No dual Shapiro steps observed due to thermal noise

Elevated electron temperature caused by resistors washed out expected signals

A numerical model informs future device design and measurement strategies

Abstract

We present a detailed report of microwave irradiation of ultra-narrow superconducting nanowires. In our nanofabricated circuits containing a superconducting NbSi nanowire, a dc blockade of current flow was observed at low temperatures below a critical voltage Vc, a strong indicator of the existence of quantum phase-slip (QPS) in the nanowire. We describe the results of applying microwaves to these samples, using a range of frequencies and both continuous-wave and pulsed drive, in order to search for dual Shapiro steps which would constitute an unambiguous demonstration of quantum phase-slip. We observed no steps, and our subsequent thermal analysis suggests that the electron temperature in the series CrO resistors was significantly elevated above the substrate temperature, resulting in sufficient Johnson noise to wash out the steps.
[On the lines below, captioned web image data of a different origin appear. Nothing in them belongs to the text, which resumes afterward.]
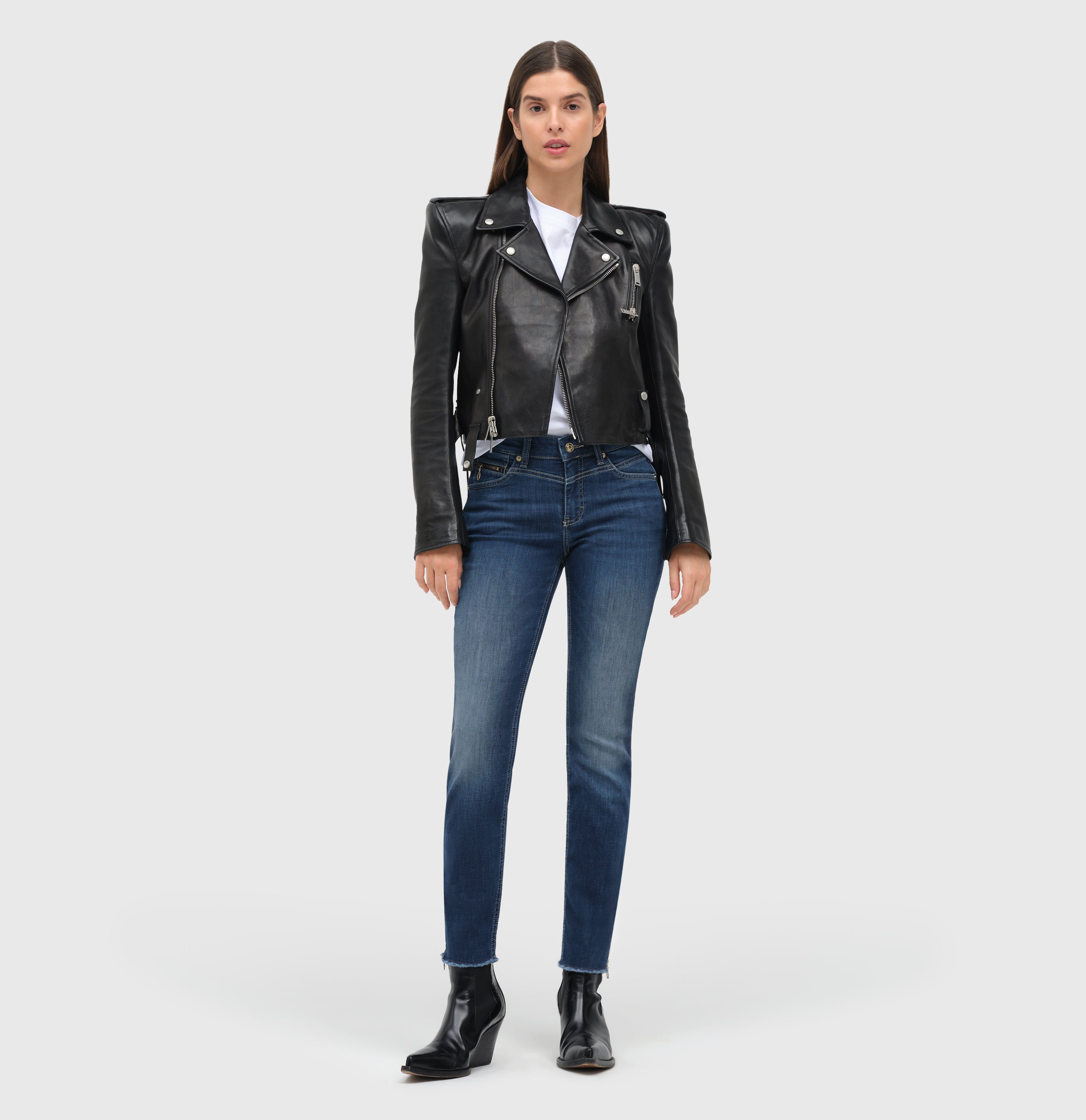 Slim, light jeans with zip details. | RICH SLIM chic | dark blue net wash | Full-body of model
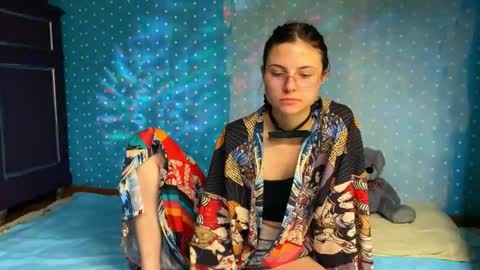 Snapshot of lola_aspis chatting on November 1, 2025, 1:57 pm lola_aspis online show from November 1, 2025, 1:57 pm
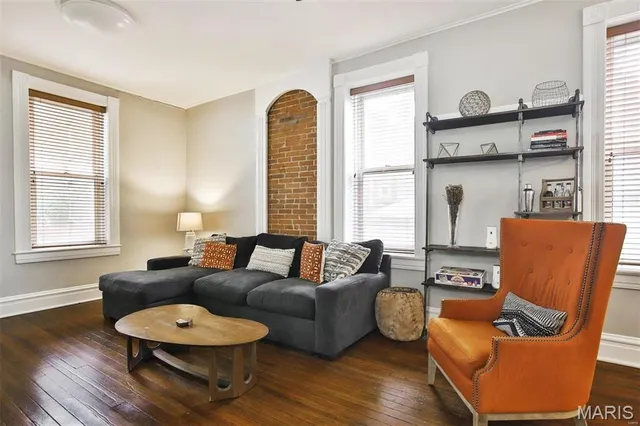 $1,850 | 2018 Senate Street, Unit R, St. Louis, MO 63118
To understand the system and inform future work, we have constructed a numerical model of the dynamics of the circuit for dc and ac bias (both continuous wave and pulsed drive signals) in the presence of Johnson noise. Using this model, we outline important design considerations for device and measurement parameters which should be used in any future experiment to enable the observation of dual Shapiro steps at experimentally accessible temperatures and thus lead to the development of a QPS-based quantum current standard.